The kingdom already welcomes millions of Muslims pilgrims who come to visit Mecca each year, and it is now gearing up to attract conventional tourists.
“The targets are people who want to literally experience this country and the grandness of this country,” Prince Sultan bin Salman, head of the Saudi tourism and national heritage commission, told CNNMoney’s Richard Quest.
Saudi Arabia plans to issue its first tourist visas in 2018, the prince said. Visas were previously restricted to people traveling to the country for work or to visit its holy sites.
Attracting tourists is a central plank of the country’s plan to reduce its reliance on oil. It’s aiming for 30 million visitors a year by 2030, up from 18 million in 2016, and it wants annual tourism spending to hit $47 billion by 2020.
To that end, several ambitious projects have been announced in the last few months.
It’s planning to build resorts on about 100 miles of the Red Sea’s sandy coastline, and wants to open a Six Flags ( ) theme park by 2022. The Red Sea initiative caught the eye of billionaire Richard Branson while on a recent tour of the kingdom that included a visit to ancient tombs at Madain Saleh, a UNESCO World Heritage Site.
Crown Prince Mohammed bin Salman, who is driving the economic overhaul, has also unveiled plans for a $500 billion metropolis that will extend across Saudi Arabia’s borders into Egypt and Jordan.
“Saudi Arabia holds tremendous tourist potential due its favorable temperature, historical and cultural heritage, natural beauty and rich marine life,” said Nikola Kosutic, senior research manager at Euromonitor. “But it is surrounded by politically unstable countries where security has always been an issue.”
The security situation is the biggest challenge to Saudi Arabia’s tourism dream, and it was underscored Tuesday when the U.S. State Department issued a new travel warning.
It warned Americans “to carefully consider the risks of travel to Saudi Arabia,” citing threats from terrorist groups such as ISIS and missile attacks from Yemeni rebels on civilian targets.
“Terrorist threats persist throughout Saudi Arabia, including in major cities such as Riyadh, Jeddah, and Dhahran, and attacks can occur without warning anywhere in the country,” the State Department said.

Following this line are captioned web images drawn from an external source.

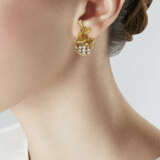 ENSEMBLE 'FLEURS' COMPRENANT UNE BROCHE ET UNE PAIRE DE BOUCLES D'OREILLES EN TREMBLEUSE DIAMANTS - Foto 8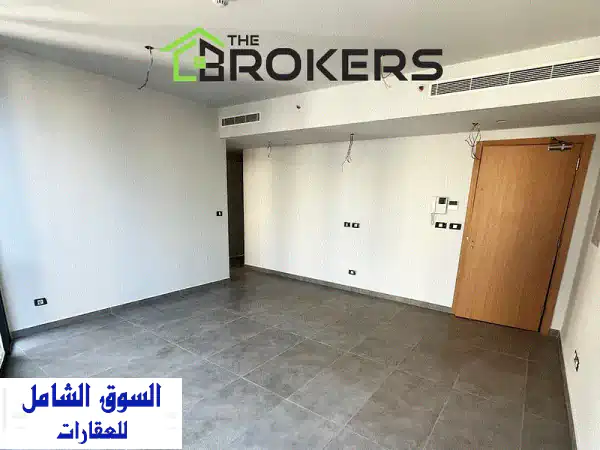 شقة فاخرة للايجار في الحمرا، بيروت - إطلالة...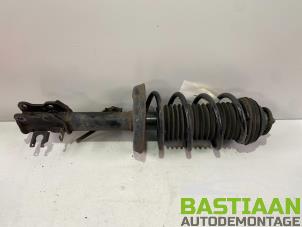 Gebruikte Mac Phersonpoot rechts-voor Opel Corsa D 1.0 Prijs € 46,00 Margeregeling aangeboden door Bastiaan Autodemontage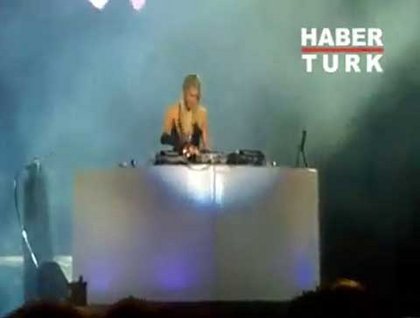 Paris Hilton DJ oldu, yer yerinden oynadı
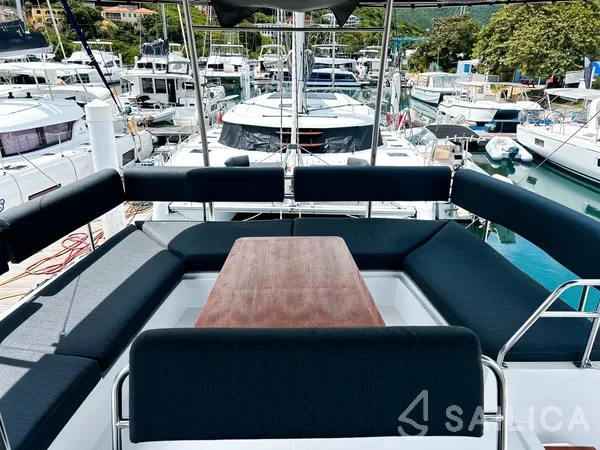 Nautitech 46 - Yacht Charter Sailica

Foreigners may also be deterred by uncertainty over how to behave when visiting the kingdom. For decades, Saudi Arabia has enforced strict Islamic rules on dress codes and gender segregation.
There are also currently few entertainment attractions. Public cinemas and theaters are banned. The kingdom hosted its first music concert this year, but only men were allowed to attend.
Still, the crown prince has vowed to destroy “extremist ideologies” and return to “a more moderate Islam.” There are signs that some restrictions are already being relaxed.
“If Saudi Arabia manages to craft smart promotional campaigns focusing on its strength and addressing some of the perceived security issues, it could potentially tap into a vast regional travel market as well as capture some of the European travelers,” said Euromonitor’s Kosutic.
Muslim travelers in the Middle East and beyond are a huge potential market. In a report in May, Mastercard estimated that there would be 156 million Muslim travelers by 2020 — up from 121 million in 2016 — spending $220 billion each year.
For now, however, the government in Riyadh is likely to have more success building its domestic tourism industry.
“Saudi tourists, who are seeping outside the country, are the biggest target for us,” Prince Sultan said.
Neighboring Dubai, for example, has been visited by more than 1.2 million Saudis already this year.
“We were late, decisions were late, funding was late and other countries, especially in the Gulf, have risen to the challenge and started attracting more people from Saudi Arabia,” the prince added.